> _The data_:
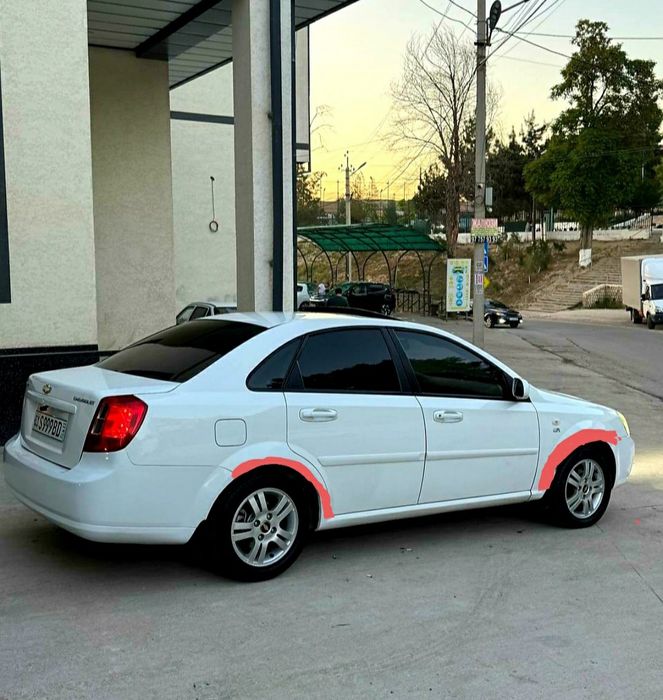 Ласетти 1,6 автомат 2013. Бензин.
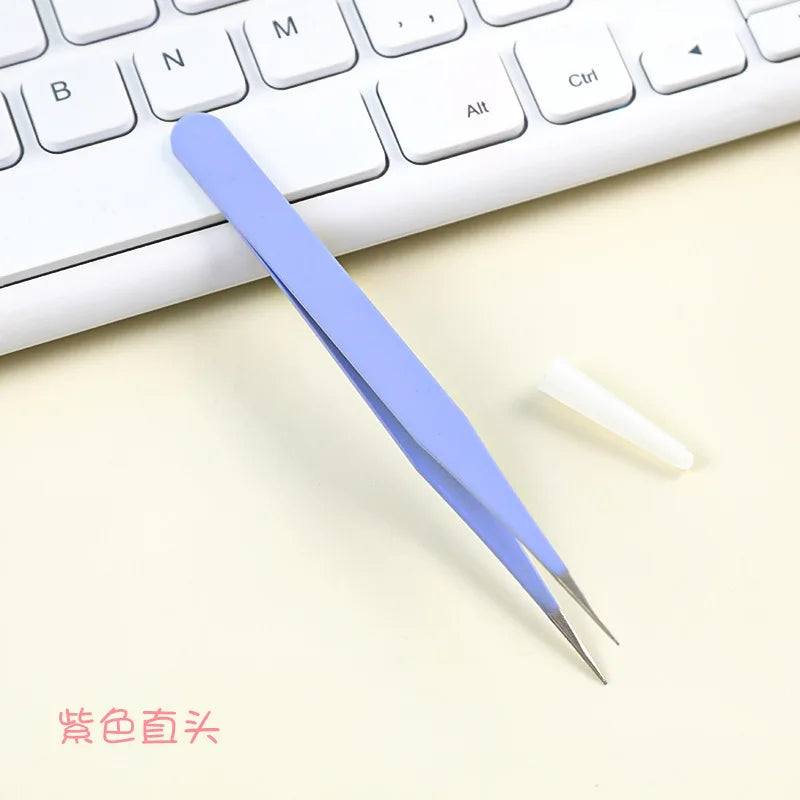A pair of light blue precision craft tweezers with straight and curved tips resting on a white keyboard.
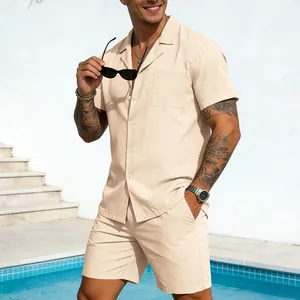 Stylish men's beige two-piece linen-style short sleeve shirt and shorts set by the pool.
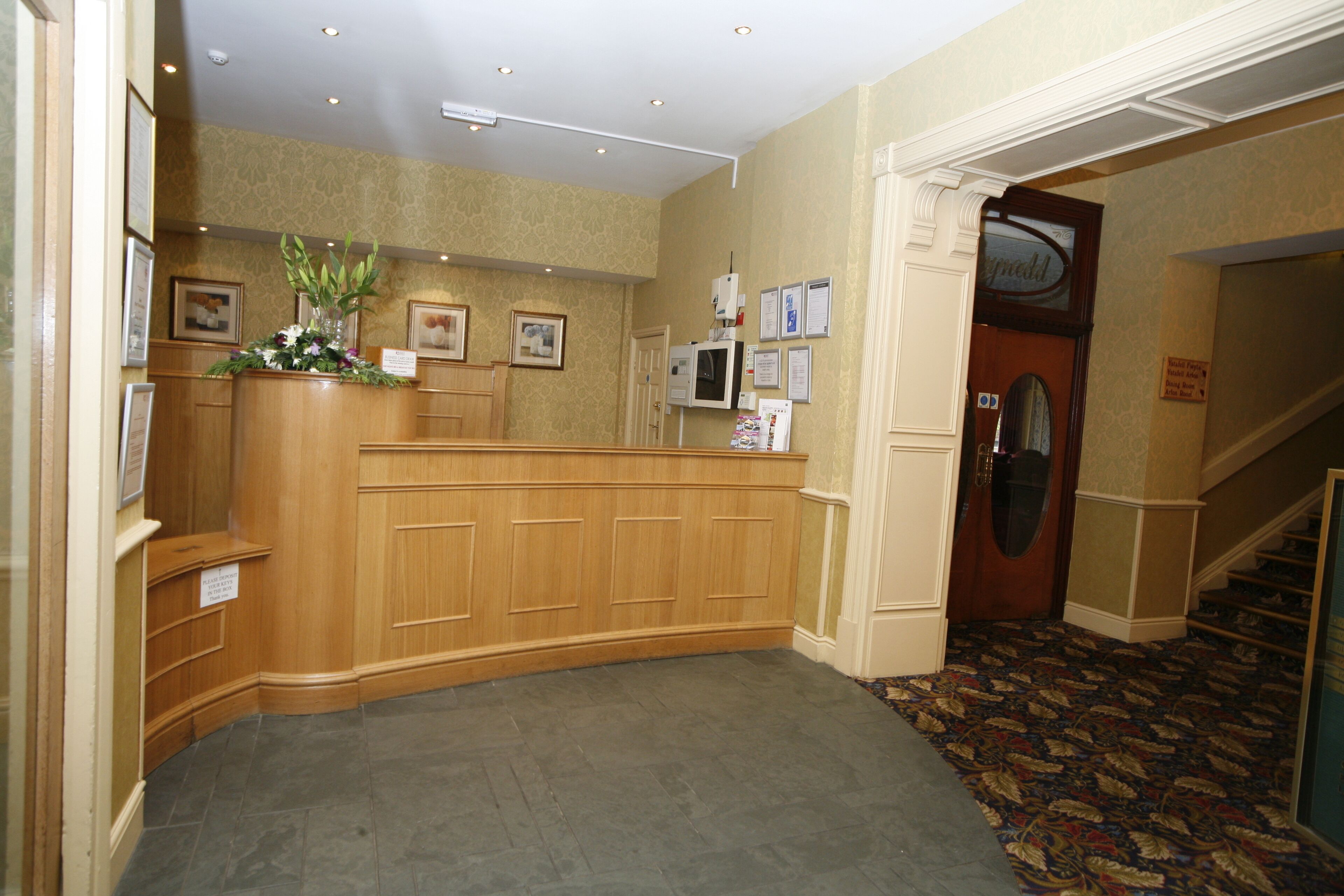 A reception area with a wooden desk, framed pictures on the wall, and a carpeted floor.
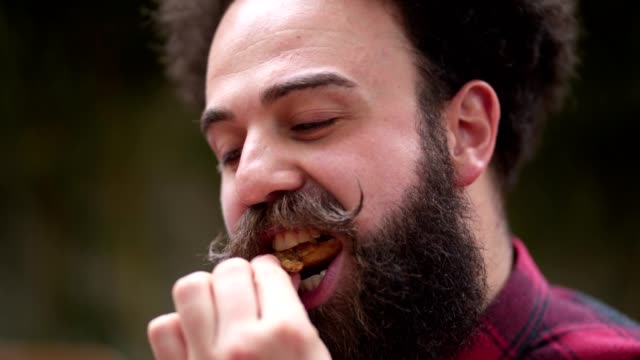 Bearded man enjoying a chicken wing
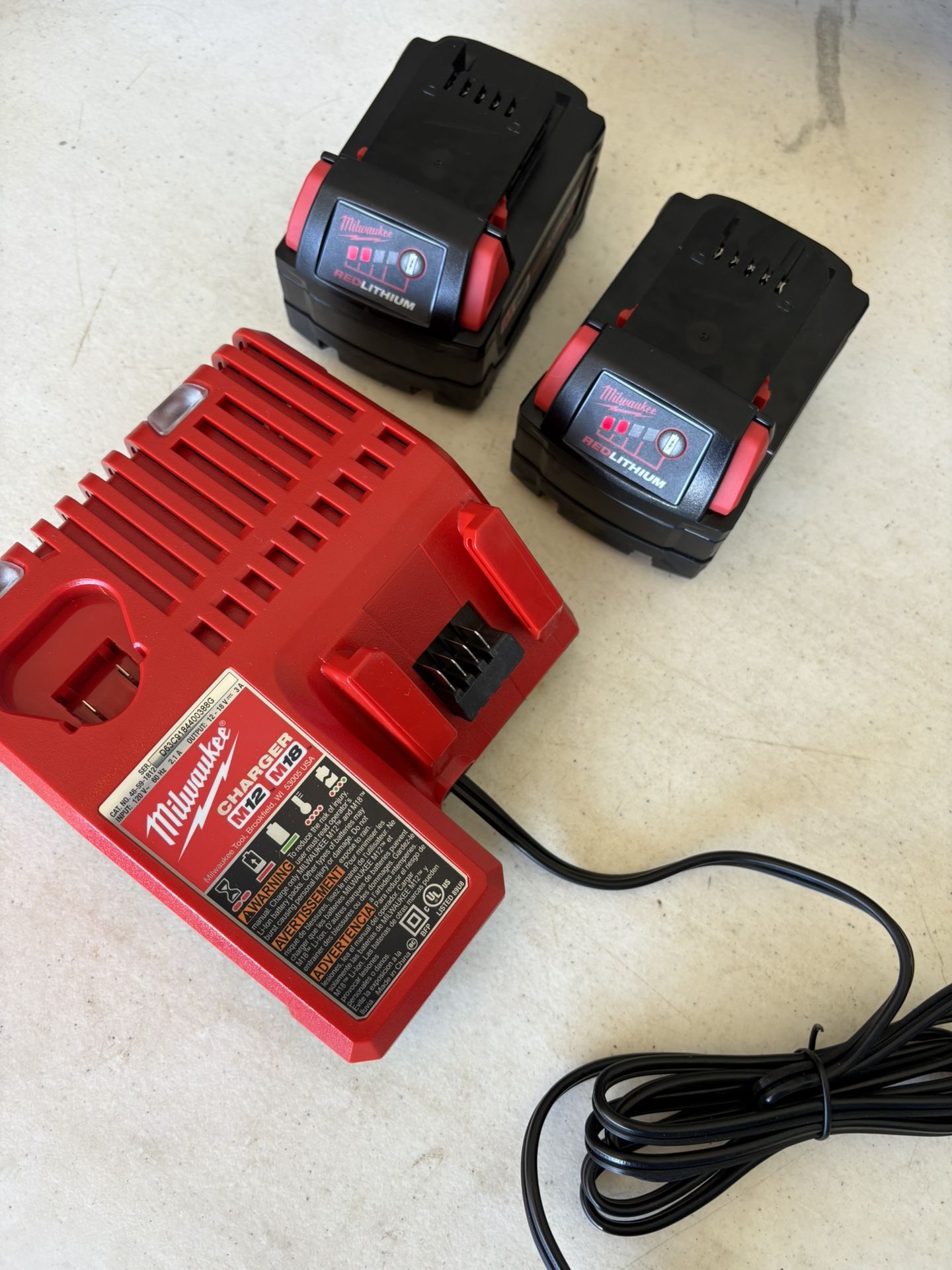 Milwaukee 4.0 Batteries And Charger 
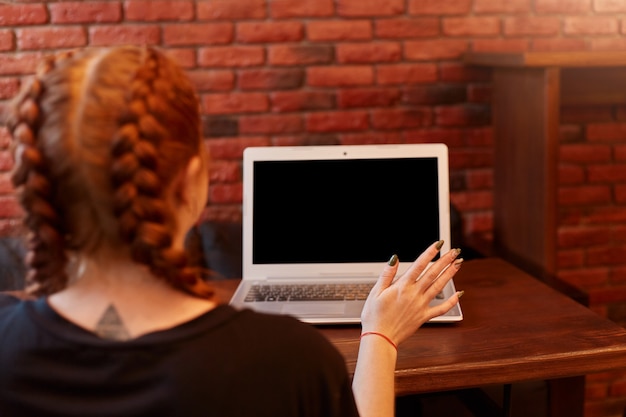 Free photo young woman sitting at cafe with laptop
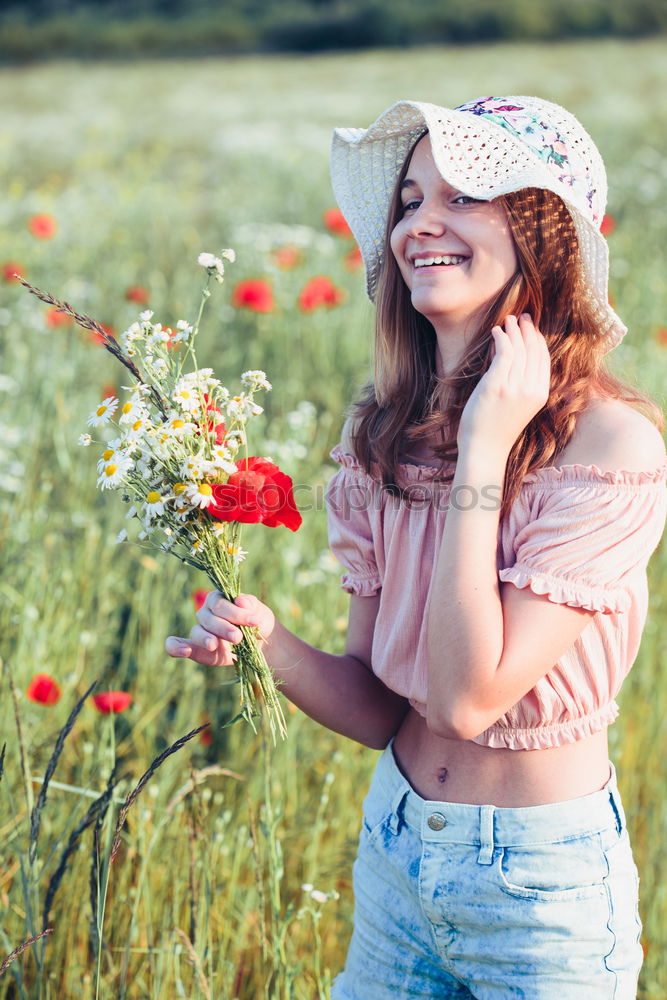 Similar – Beautieful young girl in the field of wild flowers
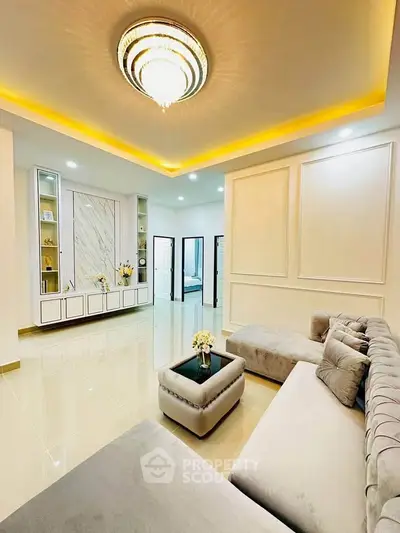 Luxurious living room with elegant chandelier and plush gray sectional sofa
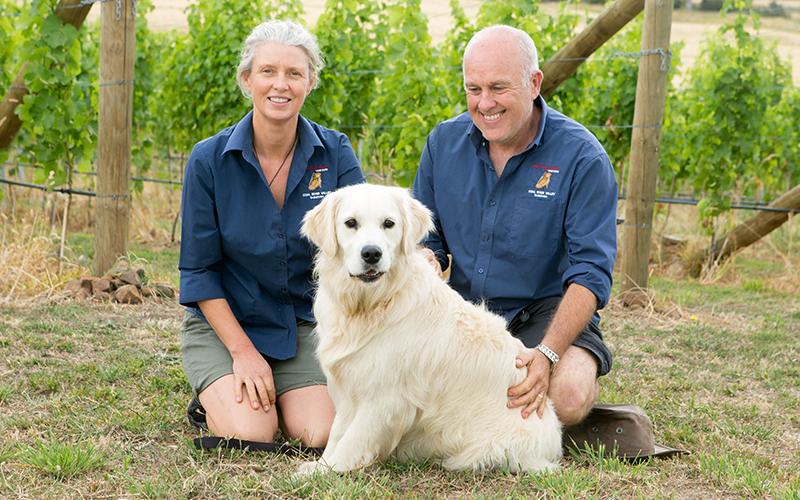 Wobbly point owners with vineyard dog Maeve.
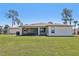 Spacious backyard with lush green grass and a covered patio perfect for entertaining at 3607 Hidden River Ln, Tavares, FL 32778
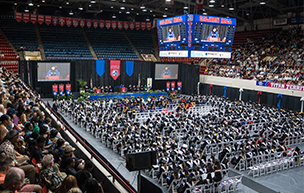 Hundreds of graduates and others sit inside of Calihan Hall during a commencement ceremony.
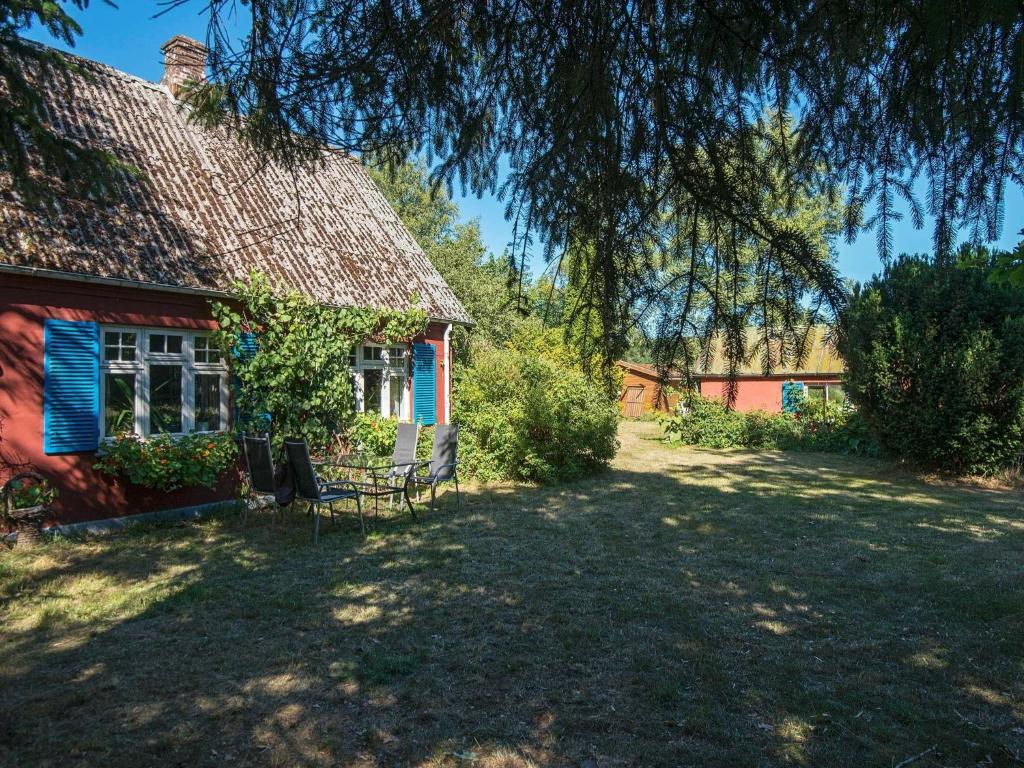 Hårup6 person holiday home in Br dstrup的前面有长凳的红色房子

> _Task requirements_:
Both the line containing "Free photo young" and the last line of the listing above belong in the copy, along with every line between them; retype them exactly and omit the pictures.

> _Response to the exercise_:
 Free photo young woman sitting at cafe with laptop
 Similar – Beautieful young girl in the field of wild flowers
 Luxurious living room with elegant chandelier and plush gray sectional sofa
 Wobbly point owners with vineyard dog Maeve.
 Spacious backyard with lush green grass and a covered patio perfect for entertaining at 3607 Hidden River Ln, Tavares, FL 32778
 Hundreds of graduates and others sit inside of Calihan Hall during a commencement ceremony.
 Hårup6 person holiday home in Br dstrup的前面有长凳的红色房子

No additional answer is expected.